The candidate demonstrates strong distributed systems judgment on the hardest part of the problem—booking correctness under concurrency and failure—and shows senior-level awareness of real production failure modes. The concerns are meaningful, especially around HA and scale translation, but they are more about completeness and operational rigor than fundamental architectural misunderstanding.

⭐ Excellent

Consistency requirement is explicitly tied to booking correctness

The candidate does more than say 'strong consistency'—they explain what breaks if it is wrong: double reservations and duplicate payments. The booking flow enforces ownership checks before HELD → BOOKED transitions, uses idempotency keys, and validates late-payment scenarios with compensation. That shows the consistency requirement is driving concrete correctness behavior rather than being a vague label.

✅ Good

Availability is differentiated by subsystem

The NFRs separate high availability expectations for search and seat availability from the stricter correctness needs of booking. That is a sensible quality-attribute split for a ticketing system, where search can prioritize uptime and latency while booking must prioritize correctness.

✅ Good

Latency target for search is concrete and supported by workload shape

The candidate gives a measurable target for search latency (p95 < 200ms) and aligns it with an Elasticsearch-based read-optimized path for text and location queries. They also note the write-light, read-heavy nature of event data, which is the right rationale for a search index.

warning

Availability target is stated but not translated into failure expectations

You mention 99.99% availability for search and seat availability, but what happens when Redis, PostgreSQL, Kafka, CDC, or Elasticsearch is degraded? The design explains some recovery behavior, especially for Redis, but the NFR section does not define which user journeys must remain available during partial failures and which can degrade. You could improve this by mapping the 99.99% target to concrete failure scenarios such as 'search remains available during indexing lag' or 'booking rejects new holds but never oversells during DB failover.'

warning

Consistency model is clear for booking but not for search and booking history

The design correctly chooses strong consistency for booking, but what happens if a user books a ticket and immediately checks booking history, or if event updates lag into Elasticsearch?
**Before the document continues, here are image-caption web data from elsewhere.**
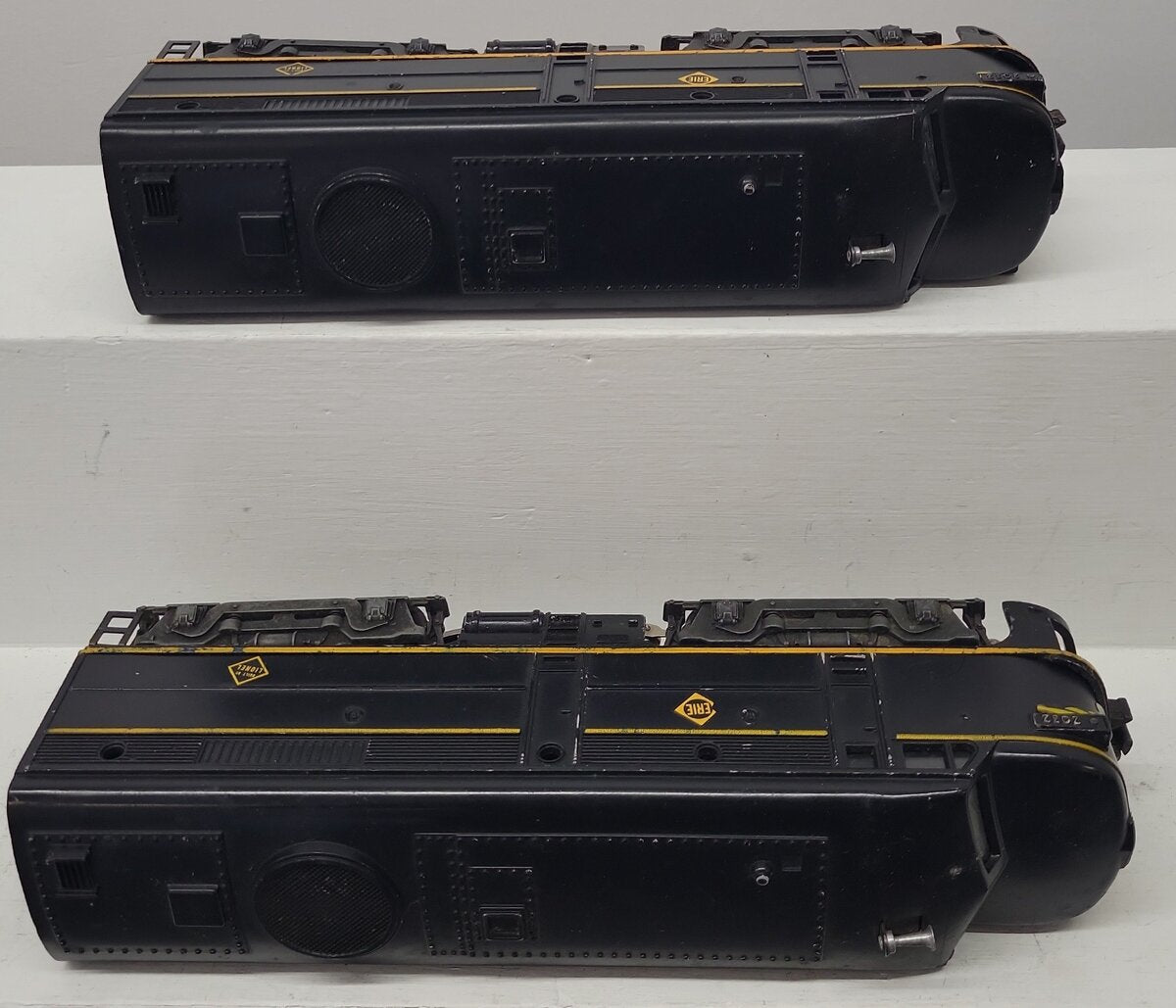Lionel 2032 Vintage O Gauge Erie Alco AA Diesel Locomotive Set VG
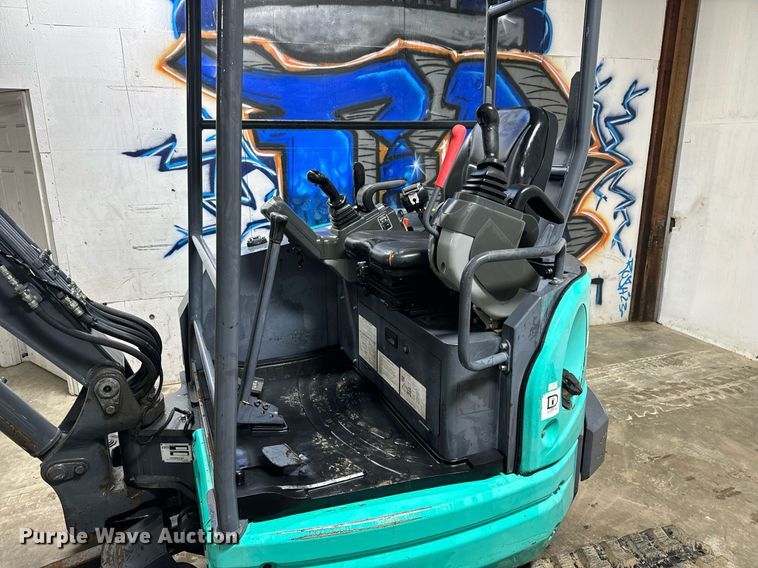 image for item NM9234 2015 IHI 35V4 mini excavator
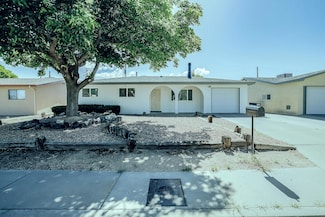 4716 Jennifer Dr NE, Albuquerque, NM 87109
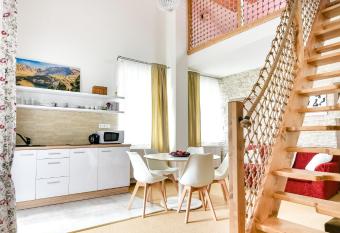 Mezonet Jelena has Balcony rooms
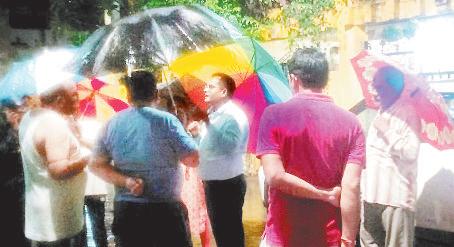 कच्ची नाली निकाल कर जल भराव को किया गया नियंत्रित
The system appears to use asynchronous propagation in multiple places, so the consistency expectations for read paths are important. You could improve this by explicitly stating that booking confirmation and ticket durability are strongly consistent in the transactional store, while search indexing is eventually consistent and acceptable under the stated requirements.

warning

NFR numbers are not connected to the stated scale assumptions

The targets are concrete, but they float somewhat independently from the assumptions of 1B users, 10M DAU, 1M events, and 100K bookings/day. For example, p95 < 200ms for search may be reasonable, but what query volume or concurrency is that target meant to hold under? Likewise, 99.99% availability for seat availability matters most during concentrated on-sale spikes, not average daily booking volume. You could strengthen this by tying each target to expected traffic patterns, especially burst behavior for hot events versus the relatively modest average booking rate.

info

Durability requirement would be stronger with an explicit recovery objective

You call out durability for tickets, which is the right quality attribute, but what happens after a database failure or regional outage? Without an explicit durability expectation, it is hard to judge whether the chosen mechanisms are sufficient. You could improve this by stating a concrete durability goal such as no confirmed ticket loss after acknowledged write, and optionally an RPO/RTO expectation for booking records.

✅ Good

Core booking nouns are identified

The design names the main domain entities needed for the stated flow: User, Event, Booking, Venue, and Seat. That covers the primary concepts behind searching events, selecting inventory, and storing a user's booking history.

✅ Good

Booking-to-seat relationship is made concrete

In the explanation, the candidate goes beyond just listing entities and shows how Booking and Seat connect through booking_id, seat status, and ownership checks during confirmation. That makes the reservation flow understandable at the domain level.

✅ Good

Event and venue are separated

Keeping Venue distinct from Event is a sensible domain model because location-based search and event discovery often depend on venue metadata, while bookings are tied to a specific event occurrence.

warning

Have you considered whether Seat belongs to Venue or to a specific Event inventory?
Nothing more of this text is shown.